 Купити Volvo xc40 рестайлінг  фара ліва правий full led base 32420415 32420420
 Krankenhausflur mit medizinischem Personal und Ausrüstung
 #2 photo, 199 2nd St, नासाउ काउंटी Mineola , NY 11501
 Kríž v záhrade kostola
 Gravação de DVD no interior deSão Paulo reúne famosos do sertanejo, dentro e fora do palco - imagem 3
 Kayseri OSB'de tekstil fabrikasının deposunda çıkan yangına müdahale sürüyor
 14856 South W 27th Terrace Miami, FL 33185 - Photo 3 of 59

* EXERCISE DETAILS
Each record must appear again, word for word.

* REPLY
 Купити Volvo xc40 рестайлінг  фара ліва правий full led base 32420415 32420420
 Krankenhausflur mit medizinischem Personal und Ausrüstung
 #2 photo, 199 2nd St, नासाउ काउंटी Mineola , NY 11501
 Kríž v záhrade kostola
 Gravação de DVD no interior deSão Paulo reúne famosos do sertanejo, dentro e fora do palco - imagem 3
 Kayseri OSB'de tekstil fabrikasının deposunda çıkan yangına müdahale sürüyor
 14856 South W 27th Terrace Miami, FL 33185 - Photo 3 of 59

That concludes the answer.